Proof of exponential from homomorphism property I am going back through a bunch of calculus I learned in high school and proving the stuff that they just told us was true.  Along the way, I found I had to prove that if $f(x+y)=f(x)f(y)$ then $f$ is an exponential function.
I managed to do it by induction on the integers, then generalizing to the rationals by the fundamental theorem of arithmetic, then to the reals by continuity.  It involved some rather ugly analysis for $f(1/2)$ because there are two possible values for the square root, which I didn't have to worry about for the other primes because, over $R$, odd powers are invertible.  But this prevents my argument from being generalized to the complex numbers.
There has to be a more elegant way to get this result.  I'm hoping you can point me in the right direction toward a better proof (preferably without giving the whole thing away -- the point, after all, is to develop my ingenuity).
 A: Note that either $f(x)=0$ for all $x$, or else $f(x)\gt 0$ for all $x$: indeed, since $x = \frac{1}{2}x + \frac{1}{2}x$, it follows that $f(x)$ is a square, so $f(x)\geq 0$. If $f(a)=0$ for some $a$, then $f(x) = f((x-a)+a) = f(x-a)f(a) = 0$ for all $x$. 
So one possibility is the constant function $0$. I guess you can call that an exponential function...

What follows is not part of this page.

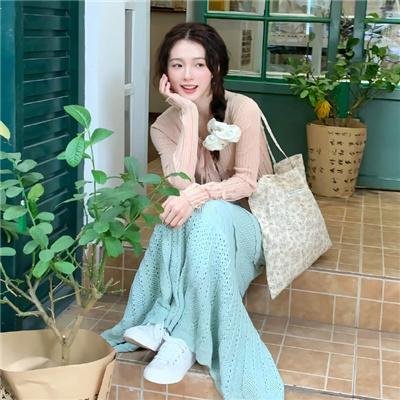 翼手龙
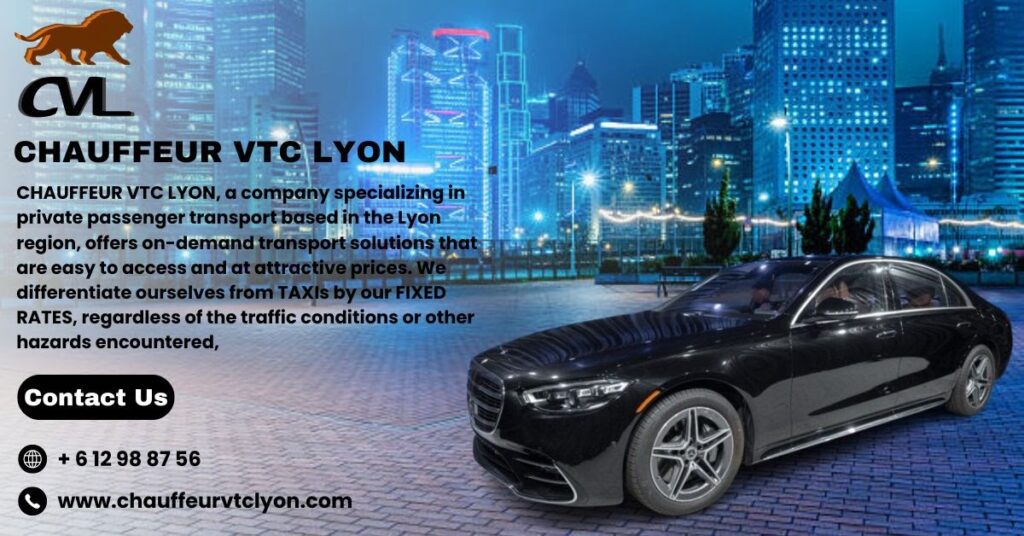 Lyon VTC Driver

Otherwise, composing $f$ with the natural logarithm yields an additive function $F\colon\mathbb{R}\to\mathbb{R}$ with $F(x) = \ln(f(x))$, and
$$F(x+y) = \ln(f(x+y))= \ln(f(x)f(y)) = \ln(f(x)) + \ln(f(y)) = F(x)+F(y).$$
And additive function from $\mathbb{R}$ to itself must be $\mathbb{Q}$-linear (you may need to do some induction here if you are not familiar with this fact), so $F(qx) = qF(x)$ for all $q\in\mathbb{Q}$.
At this point, if $f$ is continuous, then you can conclude that $F(x) = F(1)x$ for all $x$, by approximating $x$ by rationals: if $q_n\to x$, then $F(x) = F(\lim q_n) = \lim F(q_n) = \lim q_nF(1) = xF(1)$. 
Therefore, taking exponentials we have that $f(x) = \exp(F(x)) = \exp(F(1)x) = F(1)^x$, so $f(x)$ is an exponential function. 
But there are other functions that satisfy the original property, just like there are non-continuous functions that satisfy Cauchy's functional equation (at least, assuming the Axiom of Choice). 
A: Here's a different proof under the stronger assumption that $f$ has a derivative at $0$, say $f'(0) = \lambda$. For any $x$, we have
$$\frac{f(x+h)-f(0+x)}{h} = \frac{f(h)-f(0)}{h} f(x)$$
Taking limit when $h$ goes to $0$, you find that $f'(x)$ exists and 
$$f'(x) = \lambda f(x)$$
And setting $g(x) = f(x) e^{-\lambda x}$, one easly check that $g'(x) = 0$, so $g$ is the constant function. So
$$f(x) = f(0) e^{\lambda x}$$
To conclude, just notice that $f(0)$ is either $0$ or $1$. An interesting feature of this proof, is that is generalizes to complex variable or matrix-valued functions.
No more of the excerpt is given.